Can I list the models

In [18]:
ollama_models = client.list()

In [19]:
for model in ollama_models['models']:
    print("-", model['model'], "from", model['details']['family'])

- nomic-embed-text:latest from nomic-bert
- llama3.3:latest from llama
- qwen2.5:14b from qwen2
- deepseek-r1:14b from qwen2
- qwen2.5:latest from qwen2
- qwen2.5-coder:latest from qwen2
- llama3.2:latest from llama
- deepseek-r1:latest from qwen2


In [28]:
print(chunked_documents[0])

page_content='The Indian Springs School Constitution
Preamble
Under the freedom granted the faculty and students of Indian Springs School by the Board of Governors of the
Alabama Educational Foundation, the governing body of Indian Springs School, there is herewith created the official Indian
Springs School Constitution.
The purpose of the Indian Springs School Constitution and Government is to promote living and learning in accordance
with humane and democratic values and principles, thereby contributing to the intellectual, physical, emotional, spiritual, and
ethical development of all members of the Indian Springs school-community.
In establishing this Constitution, the members of the Indian Springs school-community affirm that students and teachers
do not have to accept themselves or their surroundings as they are but that it is within their power to improve both through
participation in constructive change. Such participation enhances the worth and dignity of humankind, develops r

## Lets make a list of the chunks as String

In [29]:
chunk_strings = []
for i in range(len(chunked_documents)):
    chunk_strings.append(chunked_documents[i].page_content)

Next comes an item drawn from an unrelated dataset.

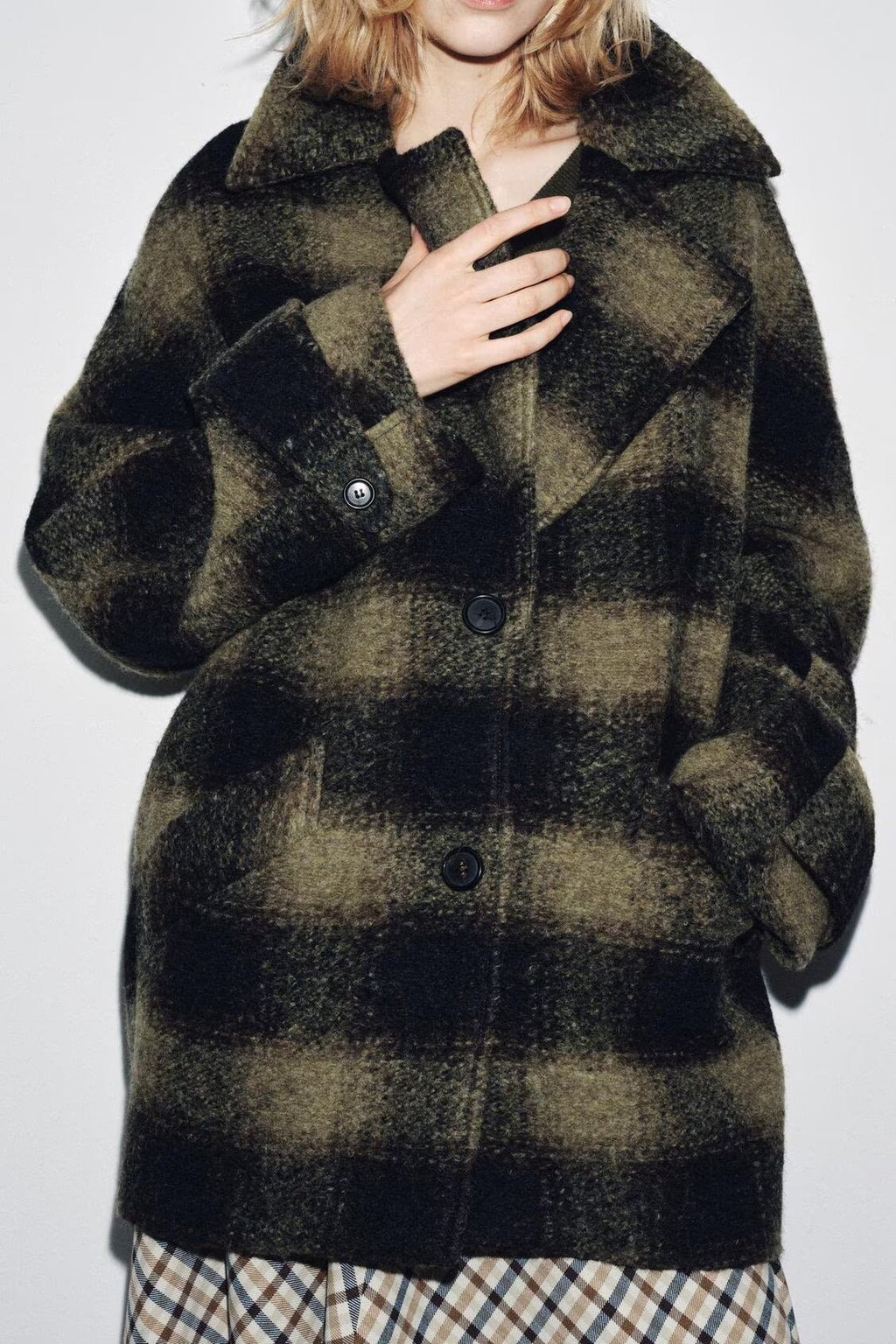 Women's Retro Plaid Woolen Coat Autumn Winter Loose Slimming Plus Size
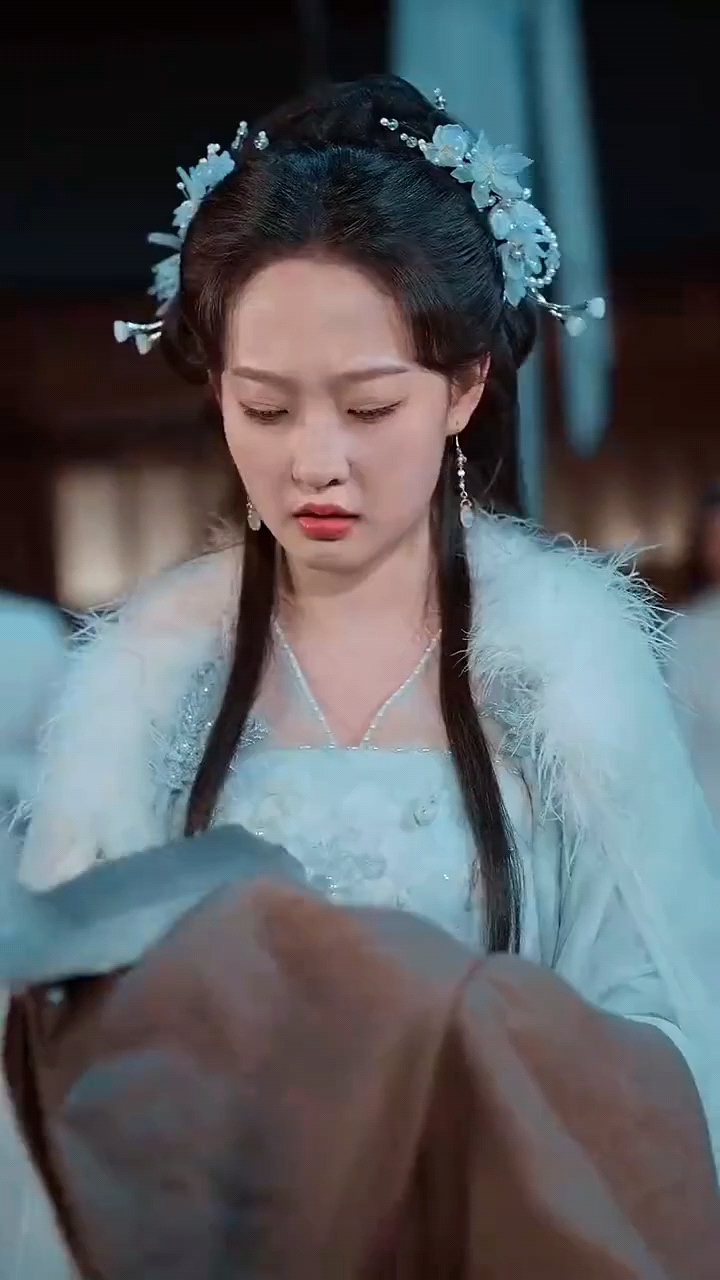 第十八集【爆款短剧】咸鱼竟成终极神器，斩灵剑当场碎裂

## Number of string chunks

In [30]:
print(len(chunk_strings))

376


In [31]:
vect = client.embed(model="nomic-embed-text", input=chunk_strings)

In [33]:
chroma_store = Chroma.from_documents(
    documents=chunked_documents,
    embedding=vect.embeddings,
    persist_directory='vectorstore',
)

AttributeError: 'list' object has no attribute 'embed_documents'